# Ok, here is my second 4 minutes of fame.



## Alan Sweet (Jul 10, 2015)

I'm the one on the left..

http://www.abc3340.com/Clip/11669490/alan-sweet#.VZ_8d5Noing.facebook

Reactions: Like 3 | Way Cool 8


----------



## Nature Man (Jul 10, 2015)

A celebrity in our midst! Very cool! Congrats on the free marketing! Hope it paid off for you. Chuck

Reactions: Agree 1


----------



## manbuckwal (Jul 10, 2015)

Congrats Alan ! A lot of very nice looking pieces displayed ! What did you end up leaving behind with your hostess ?


----------



## JR Custom Calls (Jul 10, 2015)

Sweet! <- how's that for a pun?

I just liked your fb page.
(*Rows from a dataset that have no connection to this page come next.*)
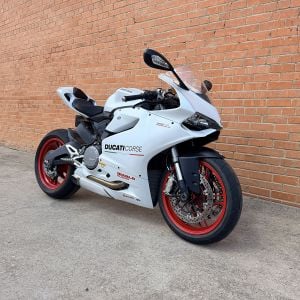 2014 899 Panigale White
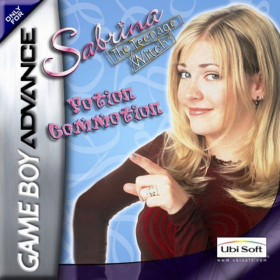 couverture jeu vidéo Sabrina, l&#039;apprentie sorcière : Potion Commotion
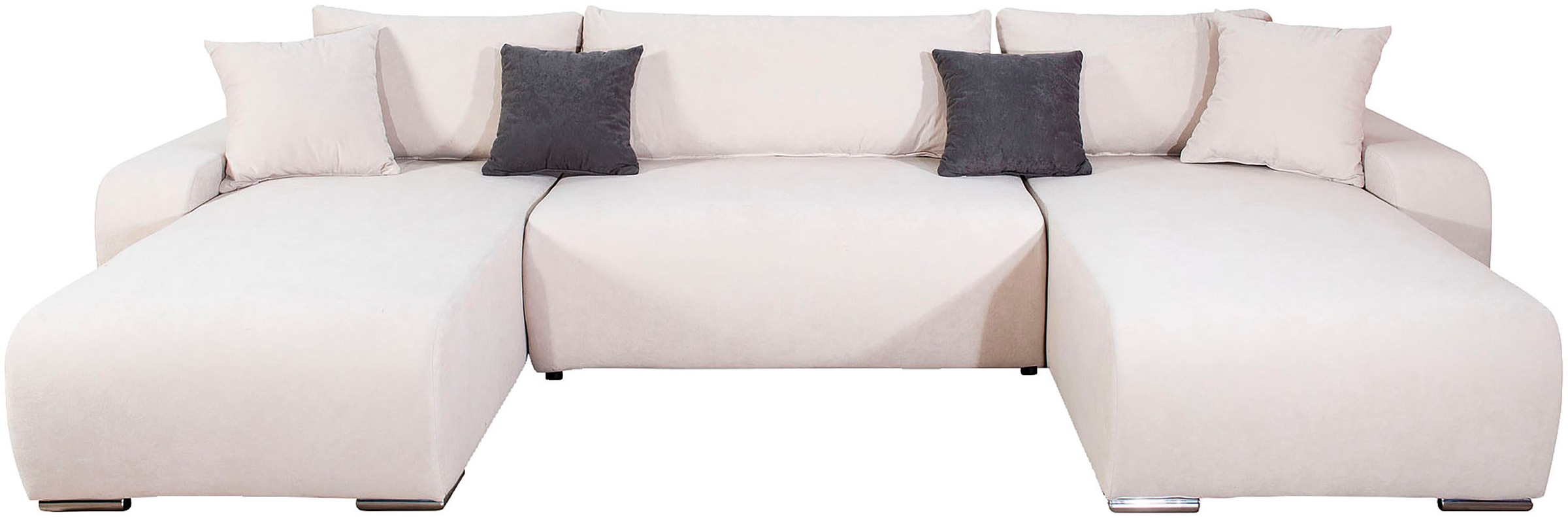 COLLECTION AB Wohnlandschaft "Paola U-Form, Breite 314 cm" Wohnlandschaft,2 günstig online kaufen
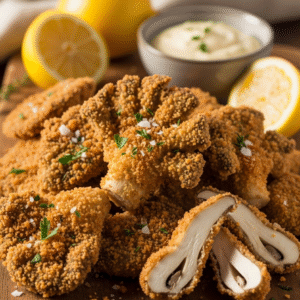 Receta de Setas Ostra Rebozadas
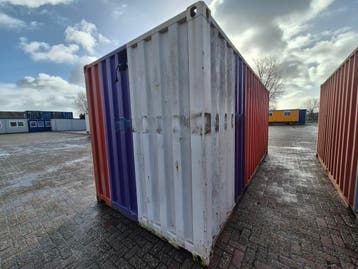 Opslag container 20ft. met verlichting HS-1608, Ophalen of Verzenden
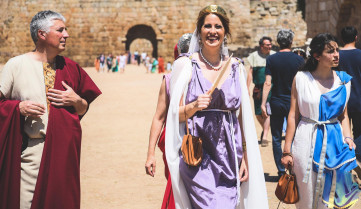 El lunes se abren las inscripciones para las visitas guiadas de Emerita Lvdica en Mérida con plazas limitadas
Didn't realize you had one


----------



## Alan Sweet (Jul 10, 2015)

@manbuckwal I left her a pen.

Reactions: Like 1


----------



## ironman123 (Jul 10, 2015)

Wahoo for you Alan. Great looking pieces.


----------



## DKMD (Jul 10, 2015)

Very cool! I'll bet they swarm you at the market after such a nice segment on TV.


----------



## CWS (Jul 10, 2015)

very impressive!
Curt


----------



## barry richardson (Jul 10, 2015)

Congrats Alan, you got some great advertising in on that one!


----------



## Tony (Jul 10, 2015)

Way cool Alan, I imagine you'll pick up a ton of business from that. That Zebrawood mirror is very nice!! Tony


----------



## Tclem (Jul 11, 2015)

I'm glad you told us which one you were. .lol. Awesome

Reactions: Like 1 | Agree 1


----------



## Mike Mills (Jul 12, 2015)

Very nice.
It did only take a few seconds for the angle change and find out I was not watching "Talk Obama"


----------



## Kevin (Jul 12, 2015)

So glad I saw this finally. Great advertisement! Alan that woman did a great job with the interview not hurrying you up and stepping all over you like so many presenters do. I would have gifted her a bangle or something of her choice. You also did a great job being interviewed.


----------



## Alan Sweet (Jul 12, 2015)

@Kevin, just prior to the interview, she asked if I had any ebony pens. Her name is Ebony, so after the show I gave her a Designer Pen done in Ebony. She seemed to like it

Reactions: Like 1 | Way Cool 1


----------